§ **Exercise objective**:
Nothing but the lines from the one holding "фото отеля Derag Livinghotel Kanzler" through the last line of the material below should be set down, exactly and without images.

§ **Excerpted records**:
- Opening Delimiter -
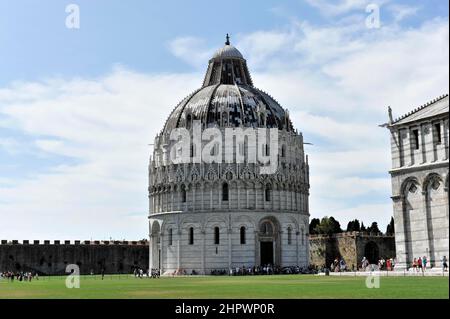 Cathédrale de Battistero, Duomo Santa Maria Assunta et Campanile, Baptistère, site classé au patrimoine mondial de l'UNESCO, Pise, Toscane, Italie Banque D'Images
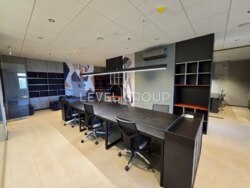 ������ ���� 275 ��.�. �� 'Summit' ���� 12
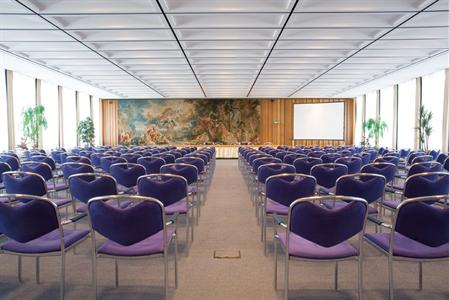 фото отеля Derag Livinghotel Kanzler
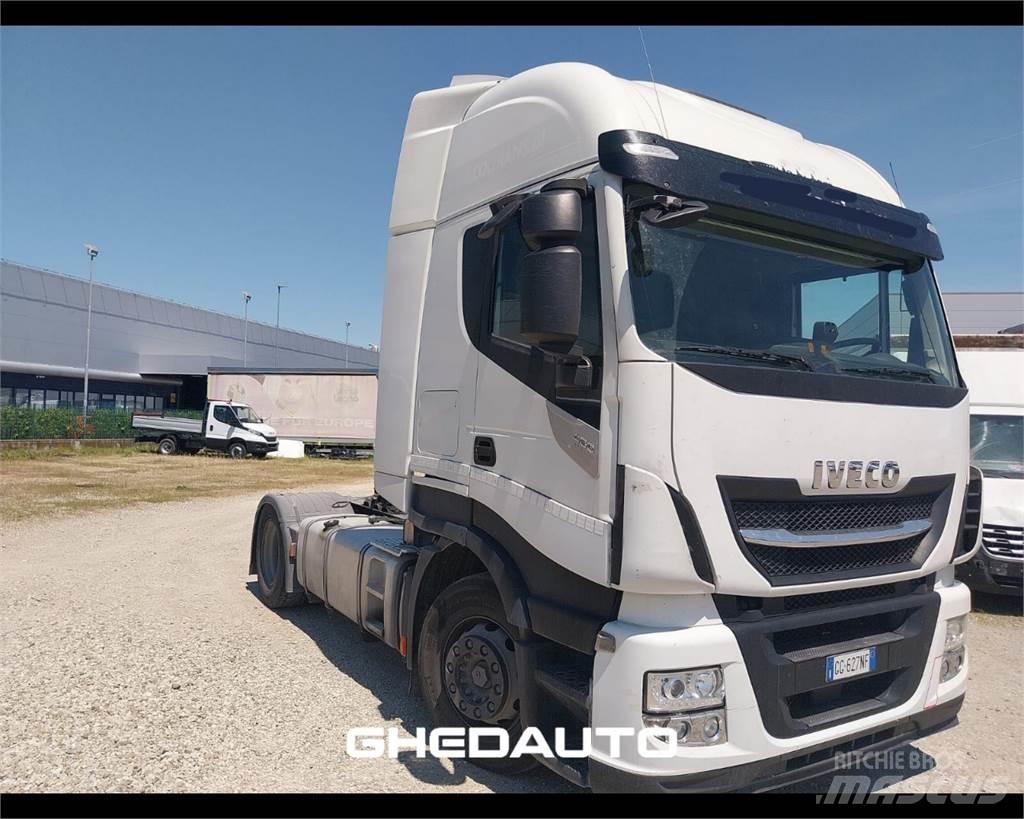 Iveco AS440ST/P 貨箱式卡車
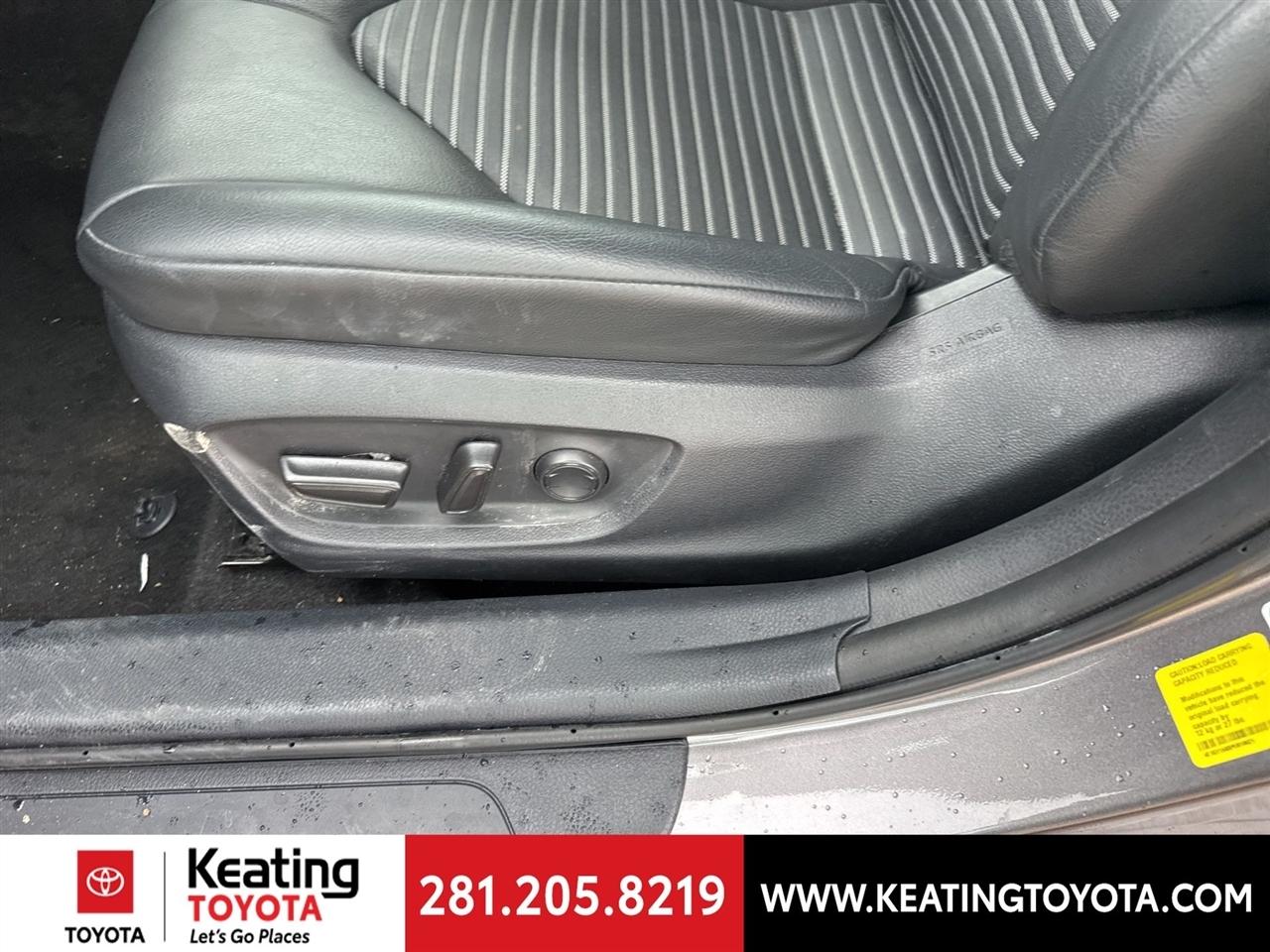 Toyota Camry SE 2023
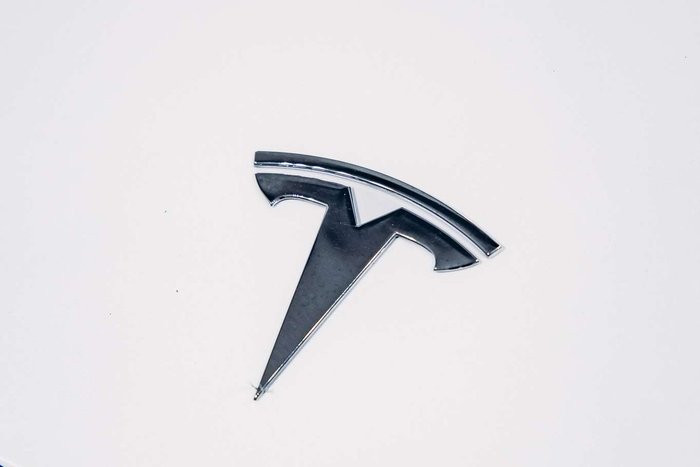 2023 Tesla Model Y REAR-WHEEL DRIVE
- Closing Delimiter -
§ **Result for this exercise**:
 фото отеля Derag Livinghotel Kanzler
 Iveco AS440ST/P 貨箱式卡車
 Toyota Camry SE 2023
 2023 Tesla Model Y REAR-WHEEL DRIVE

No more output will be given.